Question #d1102

1 Answer
Mar 30, 2017

Answer:

#K_text(c)# is LARGE.

Explanation:

The fact that #"P"_4# spontaneously bursts into smoke (#"P"_4"O"_10#) and releases a large amount of heat suggests three things:

  1. #ΔH# is large and negative (highly exothermic).
  2. #ΔG# is negative (a requirement for spontaneity).
  3. #ΔH# must be so large that it overwhelms the unfavourable entropy change.

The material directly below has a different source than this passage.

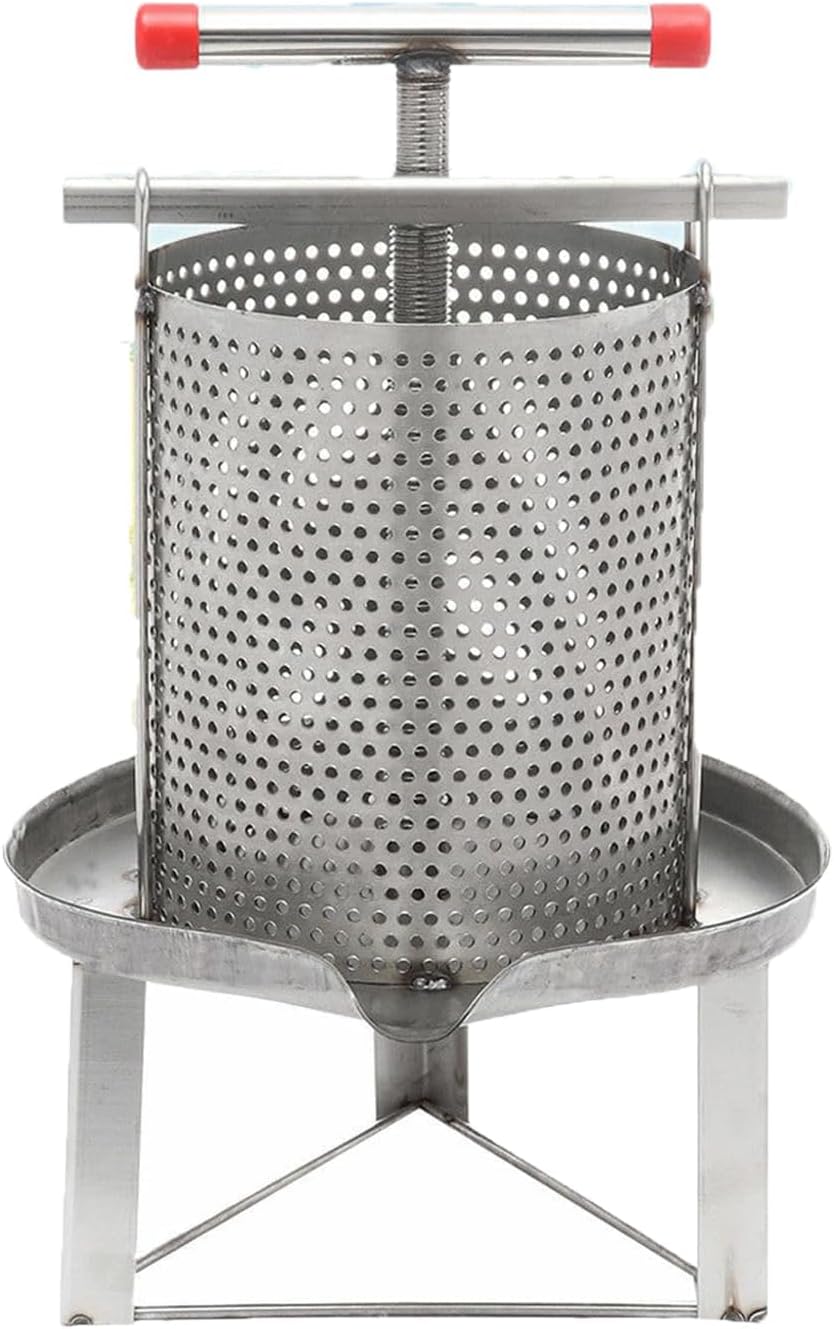 Fruit Wine Press, 2.6 Gallon Stainless Steel Fruit Honey Presser, Apple Cider Press Juice Crusher Cider Press for Juice Wine Beeswax Making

Let's assume some reasonable values for the formation of #"P"_4"O"_10# and calculate an approximate value for #K_text(c)#.

Assume that #ΔH^° = "-3000 kJ·mol"^"-1"# and #ΔS^° = "+200 J·K"^"-1""mol"^"-1"#

Then

# ΔG^° = ΔH^° - TΔS^° = "-3000 kJ·mol"^"-1" - 298 color(red)(cancel(color(black)("K"))) × "0.200 kJ"·color(red)(cancel(color(black)("K"^"-1")))"mol"^"-1" = "-3000 kJ·mol"^"-1" - "60 kJ·mol"^"-1" ≈ "-3000 kJ·mol"^"-1"#

#ΔG^° = -RTlnK_text(c)#

# lnK_text(c) = -(ΔG^°)/(RT) = -("-3000" color(red)(cancel(color(black)("kJ·mol"^"-1"))))/(8.314 × 10^"-3" color(red)(cancel(color(black)("kJ·K"^"-1""mol"^"-1"))) × 298 color(red)(cancel(color(black)("K")))) ≈ 1200#

#K_text(c) = e^1200#

That’s such a big number that my calculator gives an error message when I try to calculate it!